Work order: The records are to be copied word for word, and the pictures dropped.

Caption-style text data:
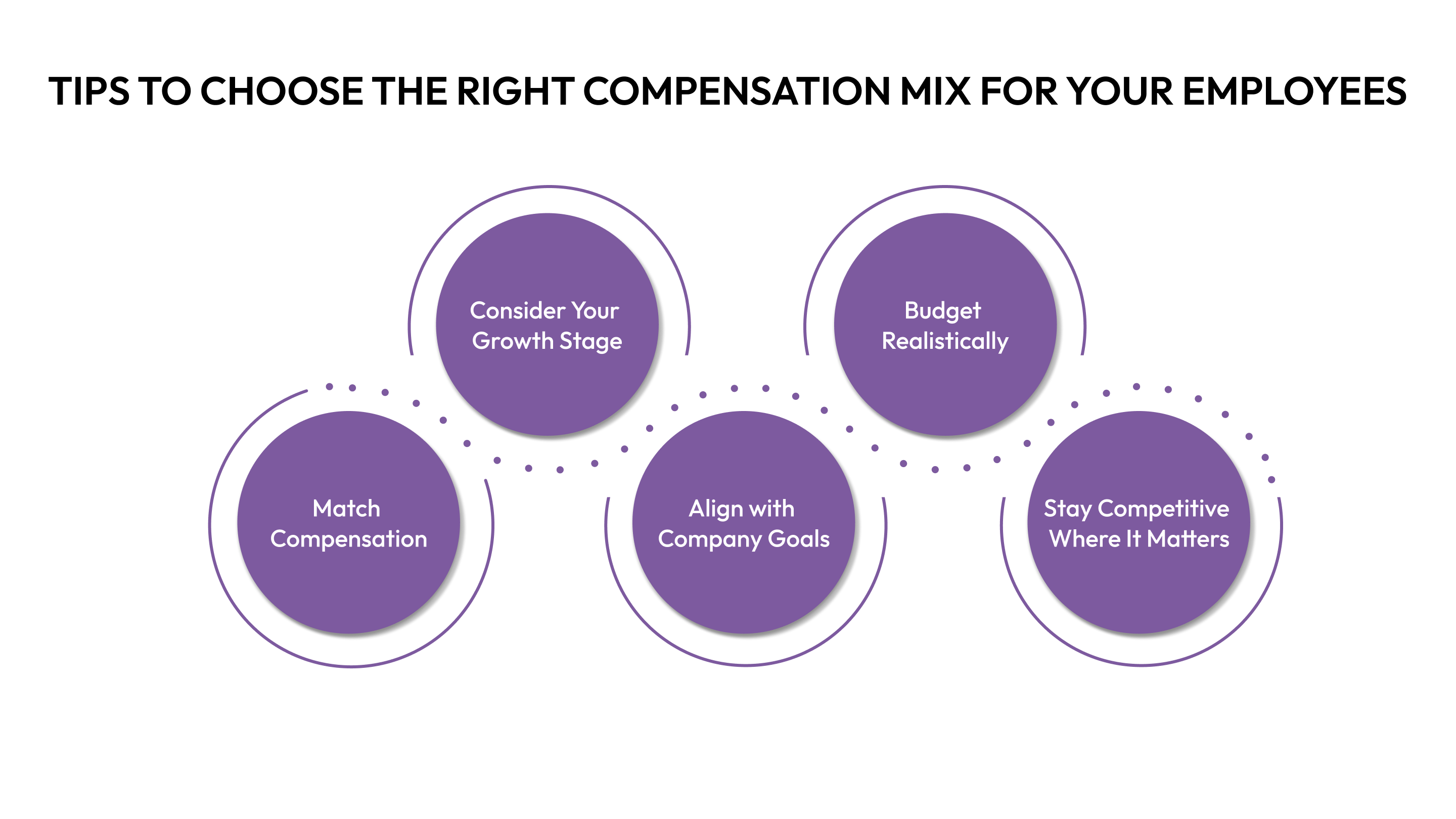 Tips to Choose the Right Compensation Mix for Your Employees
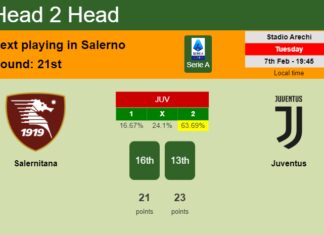 H2H, PREDICTION. Salernitana vs Juventus | Odds, preview, pick, kick-off time 07-02-2023 - Serie A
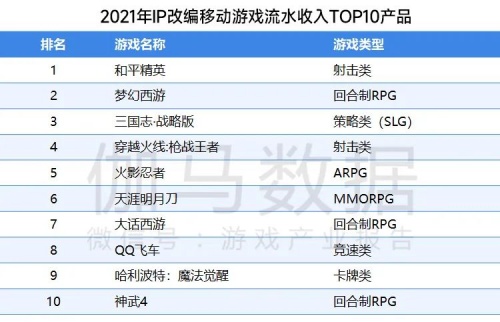 移动游戏IP发展报告:总体增长放缓 小说IP连续三年增速超40%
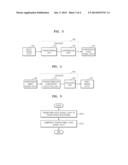 METHOD AND APPARATUS FOR PROCESSING VIDEO DATA diagram and image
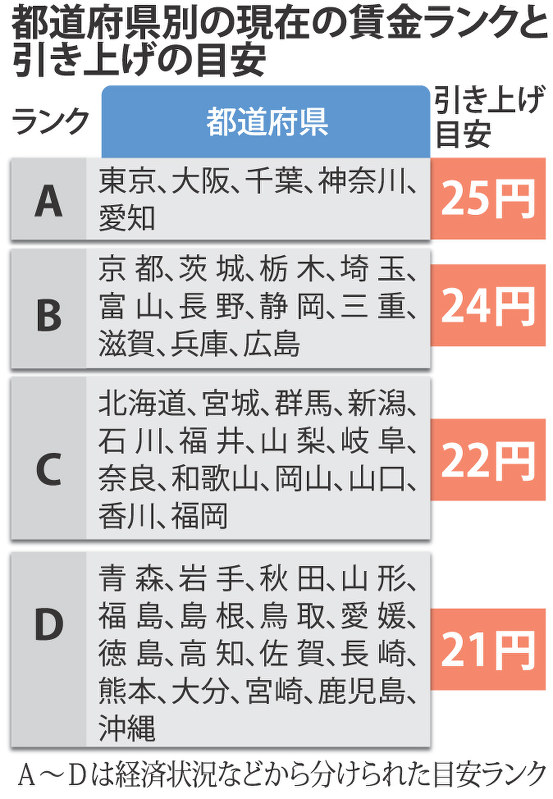 最低賃金 平均８２２円 過去最大 ２４円上げ 毎日新聞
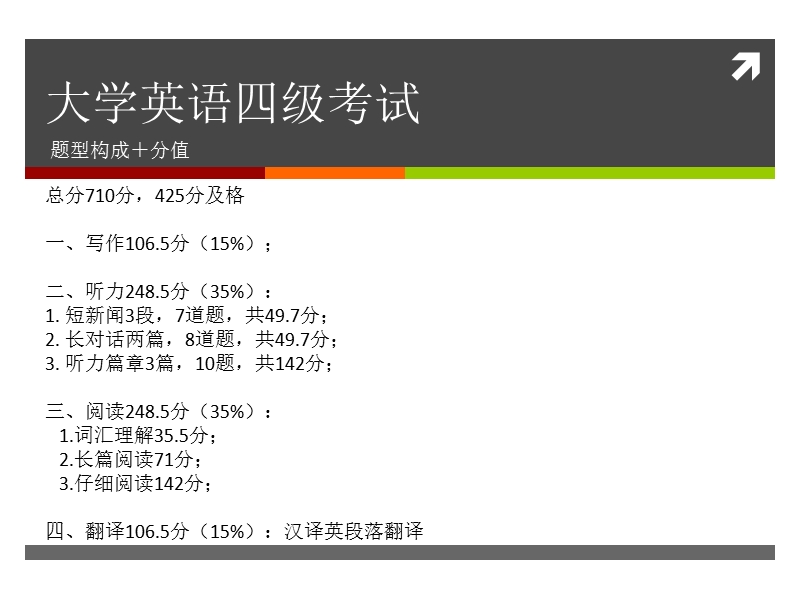 大学英语四级题型分析.pptx_第1页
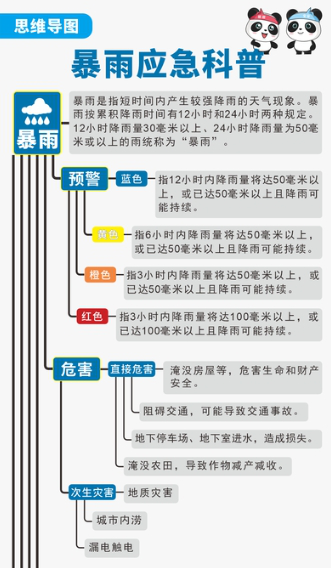 思维导图 | 关于暴雨应急的科普大全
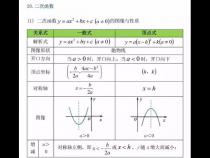 解二次函数公式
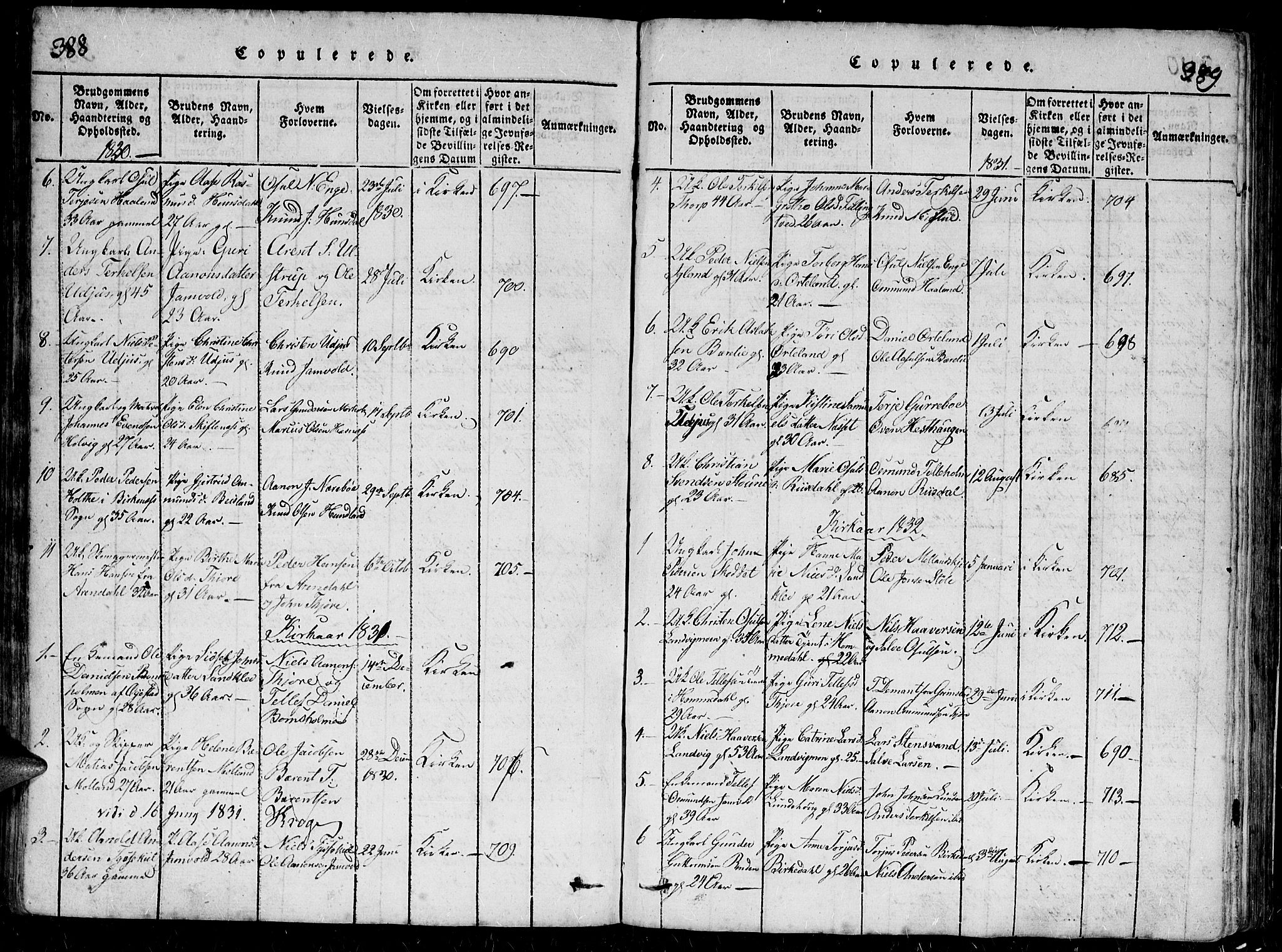 Hommedal sokneprestkontor, SAK/1111-0023/F/Fb/Fbb/L0003: Parish register (copy) no. B 3 /1, 1816-1850, p. 388-389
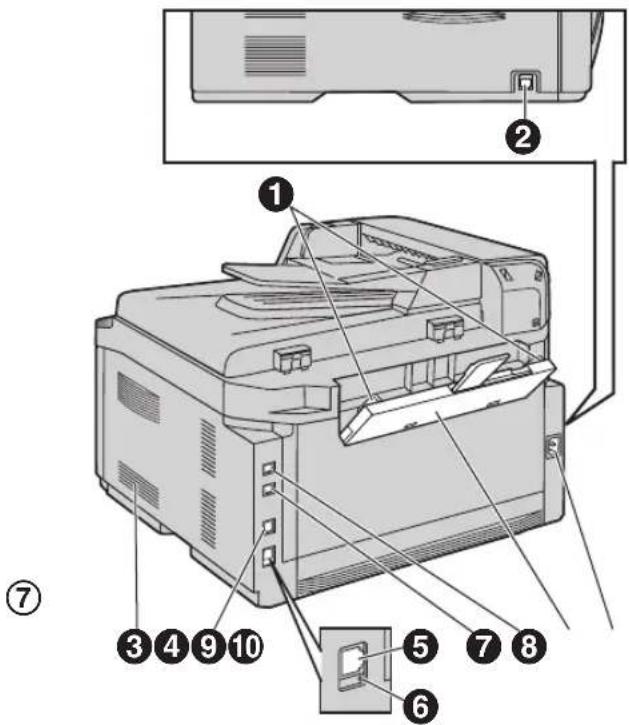 PANASONIC KX-FLB881 - Rear view - 1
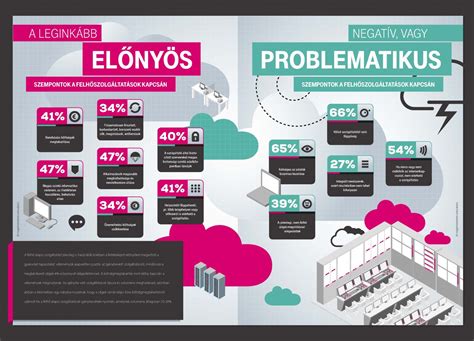 Infografika a Tok-Shop.hu legnépszerűbb termékkategóriáiról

Output below:
 Tips to Choose the Right Compensation Mix for Your Employees
 H2H, PREDICTION. Salernitana vs Juventus | Odds, preview, pick, kick-off time 07-02-2023 - Serie A
 移动游戏IP发展报告:总体增长放缓 小说IP连续三年增速超40%
 METHOD AND APPARATUS FOR PROCESSING VIDEO DATA diagram and image
 最低賃金 平均８２２円 過去最大 ２４円上げ 毎日新聞
 大学英语四级题型分析.pptx_第1页
 思维导图 | 关于暴雨应急的科普大全
 解二次函数公式
 Hommedal sokneprestkontor, SAK/1111-0023/F/Fb/Fbb/L0003: Parish register (copy) no. B 3 /1, 1816-1850, p. 388-389
 PANASONIC KX-FLB881 - Rear view - 1
 Infografika a Tok-Shop.hu legnépszerűbb termékkategóriáiról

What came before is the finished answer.